原題:The Peacemaker 製作年:1997年 製作国:アメリカ 上映時間:121分
ジャンル:アクション/ポリティカル・スリラー 私のおすすめ度:★★★☆☆/3.8点

冷戦は終わった。しかし“核の責任”は終わっていない。

作品解説とコメント

本作品が、真正面から扱っているのは、冷戦後に世界が直面した「核の後始末」という問題だと感じる。

明確な敵が消え、国家という枠組みが揺らいだあと、管理されないまま残された核兵器が新たな脅威となる。
その不安定さこそが、この映画の軸になっている。

物語は派手なアクションで進むが、根底にあるのは「核抑止力は本当に安全なのか」という問いだ。核は国家によって均衡が保たれるとされてきたが、国家が弱体化した瞬間、その論理は簡単に崩れる。

本作が描くテロは、思想よりも管理不全から生まれた災厄として描かれている点が印象的だ。

監督のミミ・レダーは善悪を単純化せず、犯人像も歴史と政治に置き去りにされた存在として描く。アメリカ映画でありながら、アメリカの正義を全面肯定しない距離感が、この作品に独特のリアリズムを与えている。

主演のジョージ・クルーニーニコール・キッドマンは、軍人としての現実主義と学者としての理想主義を象徴する存在だ。

武力か対話かという二項対立に明確な答えを出さない姿勢も含め、『ピースメーカー』は冷戦後の不安を娯楽映画の枠内で誠実にすくい取った一本だといえる。

動画とあらすじ

《ザックリあらすじ》
旧ソ連圏で発生した核事故を発端に、核弾頭の一部が行方不明となる。

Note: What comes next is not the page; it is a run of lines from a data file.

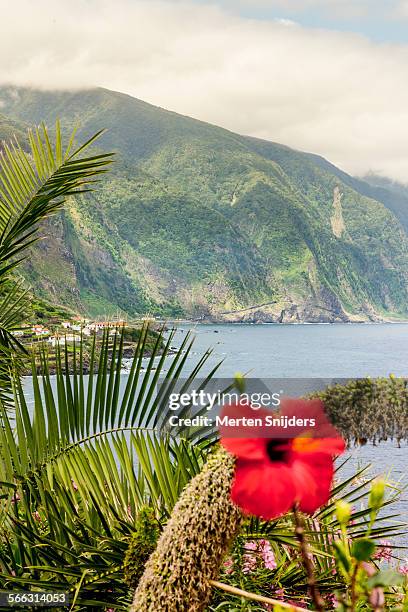 palm leafs and red hibiscus - ponta delgada azores portugal stock pictures, royalty-free photos & images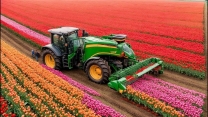 How over 3 billion tulip bulbs are grown and harvested! Tulip growing technology.
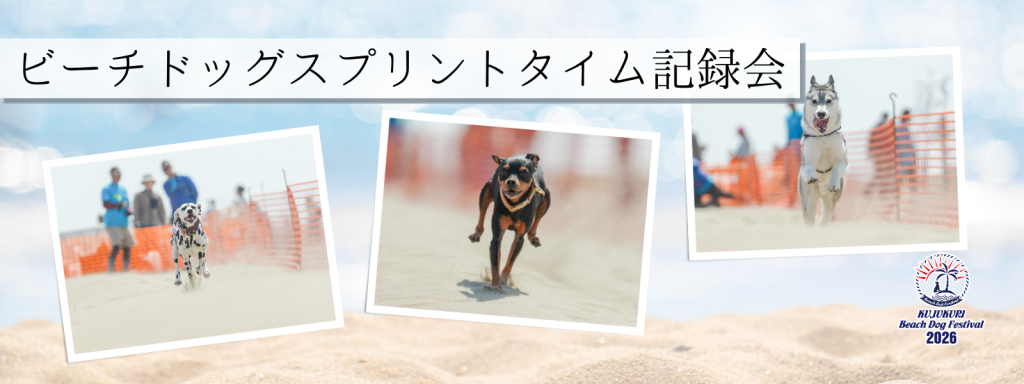 ビーチドッグスプリントタイム記録会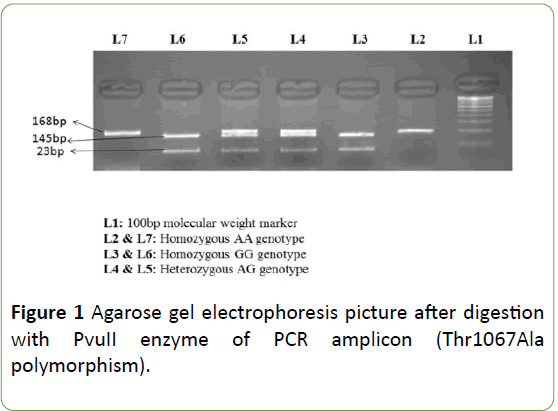 Neurology-Neuroscien-electrophoresis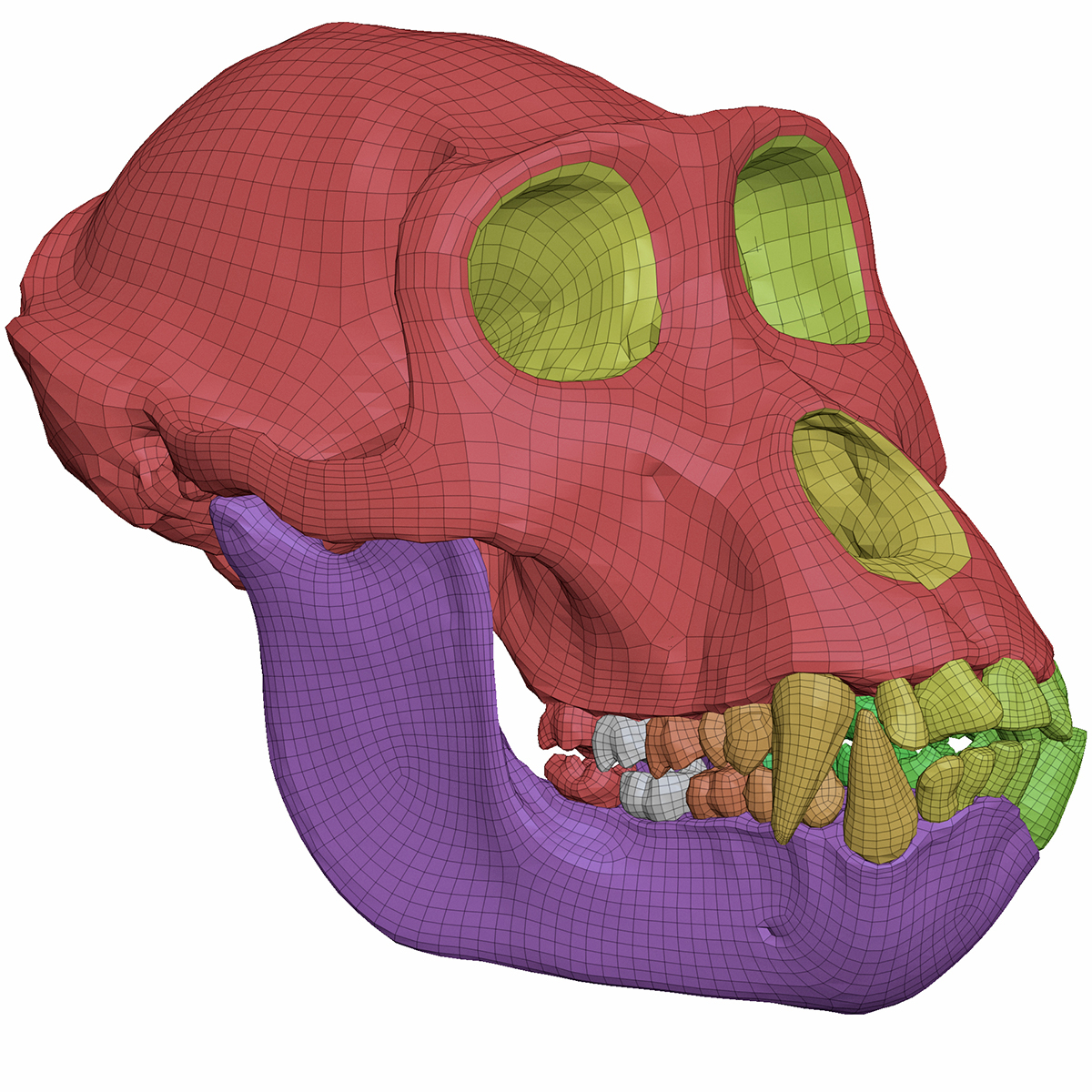 3d gorilla skull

アメリカ軍のトムと核専門家ジュリアは、核拡散を防ぐため共同で調査を開始する。

やがて事態は国家間の問題を超え、個人の復讐と国際政治が絡み合う危機へと発展していく。

作品データ&豆知識

《スタッフ》
監督:ミミ・レダー
製作:ウォルター・F・パークス
音楽:ハンス・ジマー

《キャスト》
ジョージ・クルーニー
ニコール・キッドマン
マルセル・イウレシュ

《こぼればなし・裏話》
公開当時は「アクション映画」として消費されがちだったが、現在見ると冷戦後の不安をかなり率直に映し出している。9.11以前の作品でありながら、テロリズムの予兆を感じさせる内容でもある。

《原題の意味合いとは》
「The Peacemaker」という言葉は、平和を守る者というより、“強制的に平和を作ろうとする者”という皮肉を含んでいる。

核抑止という暴力的な前提の上に成り立つ平和は、本当に平和と呼べるのか。この映画は、その矛盾を最後まで解消しない。

《総評として》
『ピースメーカー』は、娯楽映画の顔をした冷戦後の政治的メモのような作品だ。単純な勧善懲悪を期待すると物足りないが、「平和は管理され続けなければ簡単に崩れる」という現実を提示する点で、今なお古びていない。

90年代という過渡期の不安を封じ込めた、静かに刺さる一本である。